#### Your instructions
Output the full listing below exactly.

#### Record excerpts
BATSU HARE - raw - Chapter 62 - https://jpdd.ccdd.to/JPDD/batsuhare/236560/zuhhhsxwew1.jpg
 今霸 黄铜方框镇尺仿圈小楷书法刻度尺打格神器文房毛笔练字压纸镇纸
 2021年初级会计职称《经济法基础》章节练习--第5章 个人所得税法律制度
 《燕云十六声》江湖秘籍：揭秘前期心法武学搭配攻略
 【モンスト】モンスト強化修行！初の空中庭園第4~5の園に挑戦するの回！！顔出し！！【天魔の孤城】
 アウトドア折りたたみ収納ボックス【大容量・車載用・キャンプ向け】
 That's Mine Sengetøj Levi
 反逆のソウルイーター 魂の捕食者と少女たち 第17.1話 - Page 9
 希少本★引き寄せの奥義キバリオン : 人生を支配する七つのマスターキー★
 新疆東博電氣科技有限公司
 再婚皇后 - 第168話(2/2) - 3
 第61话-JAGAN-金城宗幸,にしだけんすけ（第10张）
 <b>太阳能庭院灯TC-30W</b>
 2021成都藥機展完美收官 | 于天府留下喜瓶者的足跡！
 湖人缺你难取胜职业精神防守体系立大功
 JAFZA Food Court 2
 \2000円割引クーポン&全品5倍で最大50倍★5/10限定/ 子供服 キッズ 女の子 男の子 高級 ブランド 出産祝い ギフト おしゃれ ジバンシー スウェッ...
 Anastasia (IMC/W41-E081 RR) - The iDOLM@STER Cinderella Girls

#### Result of this exercise
BATSU HARE - raw - Chapter 62 - https://jpdd.ccdd.to/JPDD/batsuhare/236560/zuhhhsxwew1.jpg
 今霸 黄铜方框镇尺仿圈小楷书法刻度尺打格神器文房毛笔练字压纸镇纸
 2021年初级会计职称《经济法基础》章节练习--第5章 个人所得税法律制度
 《燕云十六声》江湖秘籍：揭秘前期心法武学搭配攻略
 【モンスト】モンスト強化修行！初の空中庭園第4~5の園に挑戦するの回！！顔出し！！【天魔の孤城】
 アウトドア折りたたみ収納ボックス【大容量・車載用・キャンプ向け】
 That's Mine Sengetøj Levi
 反逆のソウルイーター 魂の捕食者と少女たち 第17.1話 - Page 9
 希少本★引き寄せの奥義キバリオン : 人生を支配する七つのマスターキー★
 新疆東博電氣科技有限公司
 再婚皇后 - 第168話(2/2) - 3
 第61话-JAGAN-金城宗幸,にしだけんすけ（第10张）
 <b>太阳能庭院灯TC-30W</b>
 2021成都藥機展完美收官 | 于天府留下喜瓶者的足跡！
 湖人缺你难取胜职业精神防守体系立大功
 JAFZA Food Court 2
 \2000円割引クーポン&全品5倍で最大50倍★5/10限定/ 子供服 キッズ 女の子 男の子 高級 ブランド 出産祝い ギフト おしゃれ ジバンシー スウェッ...
 Anastasia (IMC/W41-E081 RR) - The iDOLM@STER Cinderella Girls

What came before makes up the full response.